Hamlet (Inarco Celenio trad.)/Vida de William Shakespeare

Hamlet de William Shakespeare
Vida de William Shakespeare de Leandro Fernández de Moratín
Vida de William Shakespeare

Guillermo Shakespeare nació en Stratford, pueblo de Inglaterra, en el Condado de Warwick, año de 1564, de familia distinguida y pobre. Era su padre comerciante de lanas; y deseando que Guillermo, el mayor de diez hijos que tenía, llevase adelante el mismo tráfico, le dio una educación proporcionada a este fin, con exclusión absoluta de cualesquiera otros conocimientos, que pudieran haberle hecho mirar con disgusto la carrera a que le destinó. Así fue, que apenas había adquirido algunos principios de Latinidad en la escuela pública de Stratford, cuando aún no cumplidos los diecisiete años, le casó con la hija de un rico labrador y comenzó a ocuparle en el gobierno de la casa y en las operaciones de su comercio. Obligado de la necesidad venció Guillermo la repugnancia que tenía a tal profesión; y hubiera continuado en ella si un accidente imprevisto no le hubiese hecho salir de la oscuridad en que estaba, abriéndole el camino a la fortuna y a la gloria.

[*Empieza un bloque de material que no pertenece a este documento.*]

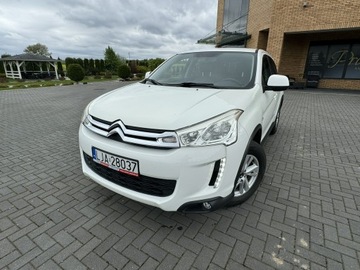 Citroen C4 Aircross 2013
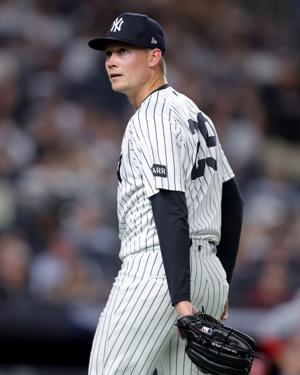 MLB: St. Louis Cardinals at New York Yankees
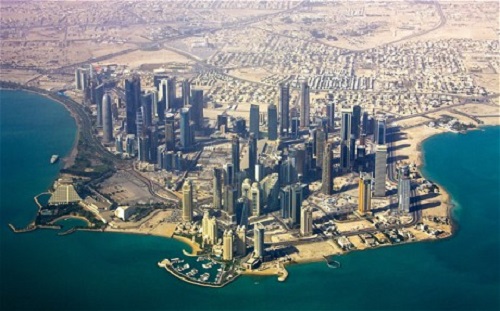 Real Estate Trading Volume Hits QR One Billion in a Week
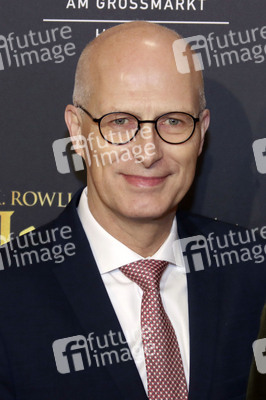 Musicalpremiere 'Harry Potter und das verwunschene Kind' in Hamburg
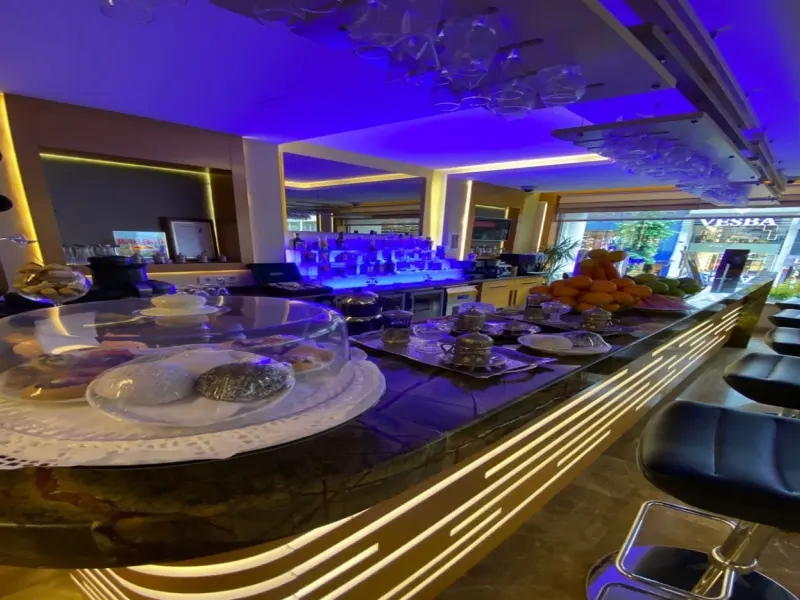 Prestige Hotel Istanbul Old City Laleli 39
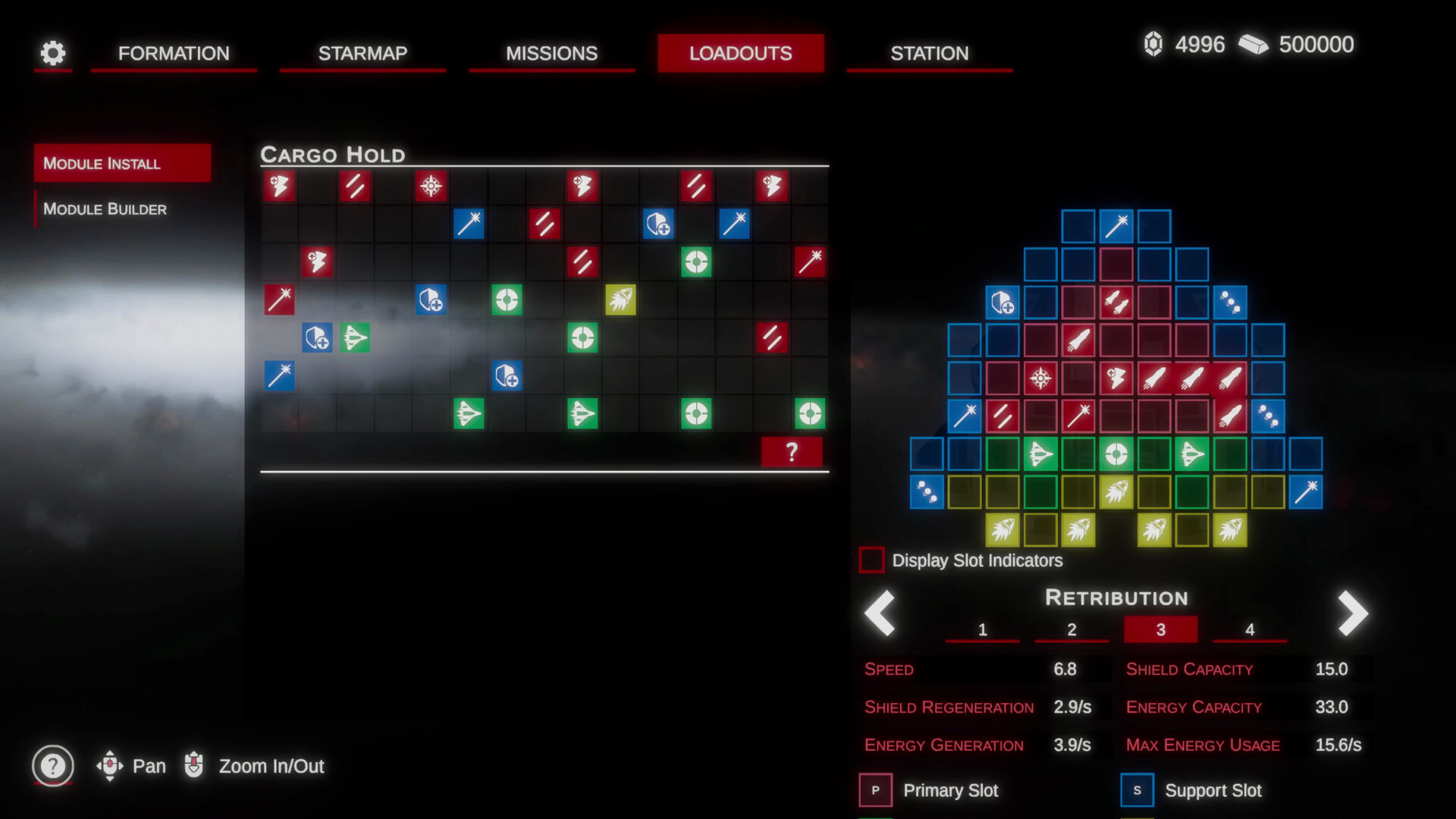 太空威胁2/Space Menace 2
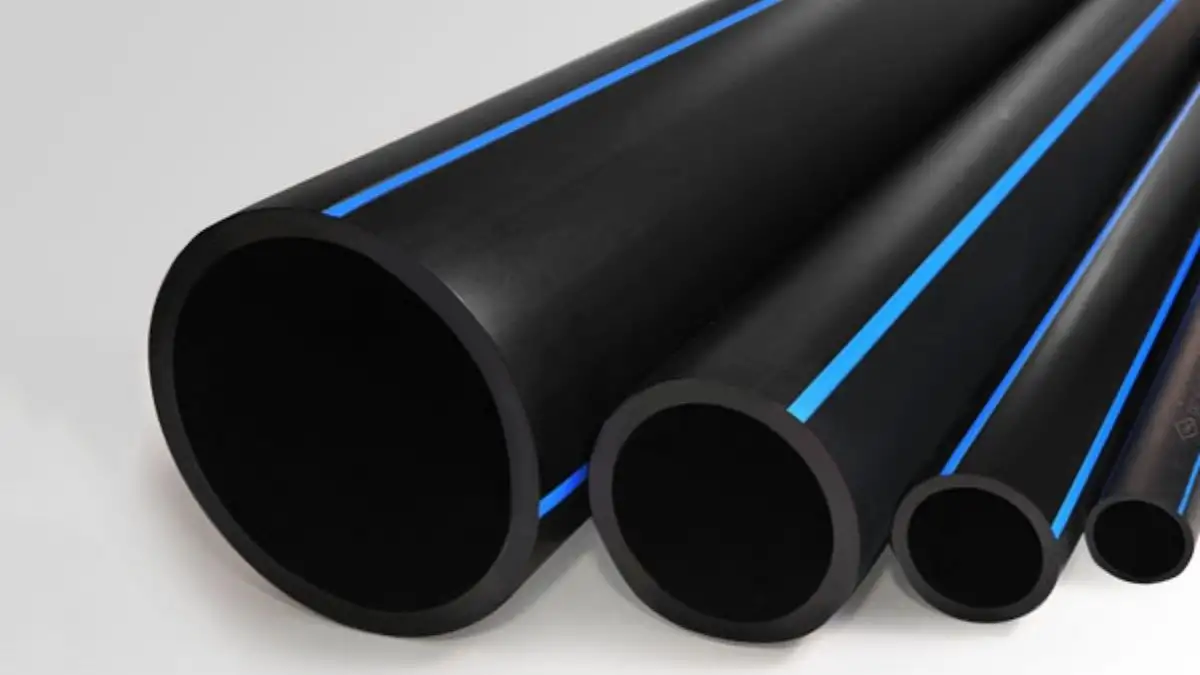 Ống nhựa HDPE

Acompañado Shakespeare con otros jóvenes mal educados e inquietos, dio en molestar a un caballero del país llamado Tomás Lucy, entrando en sus bosques y robándole algunos venados. Esta ofensa irritó en extremo el ánimo de aquel caballero, y por más que el joven Guillermo procuró templarle, arrepentido sinceramente de su exceso y ofreciéndole cuantas satisfacciones pidiese, todo fue en vano; el Señor Tomás Lucy era uno de aquellos hombres duros que no conocen el placer de perdonar. Sentido Shakespeare de tal obstinación, quiso vengarse en el modo que podía, escribiendo contra él algunos versos satíricos, los primeros que en su vida compuso; poniendo en ridículo a un hombre iracundo y poderoso, que a este nuevo agravio redobló sus esfuerzos, imploró todo el rigor de las leyes y le persiguió con tal empeño que al fin hubo de ceder como más débil, y no hallando seguridad sino en la fuga, abandonó su patria, y su familia, y se fue a Londres, solo, sin dinero, ni recomendaciones en aquella ciudad, ni arrimo alguno.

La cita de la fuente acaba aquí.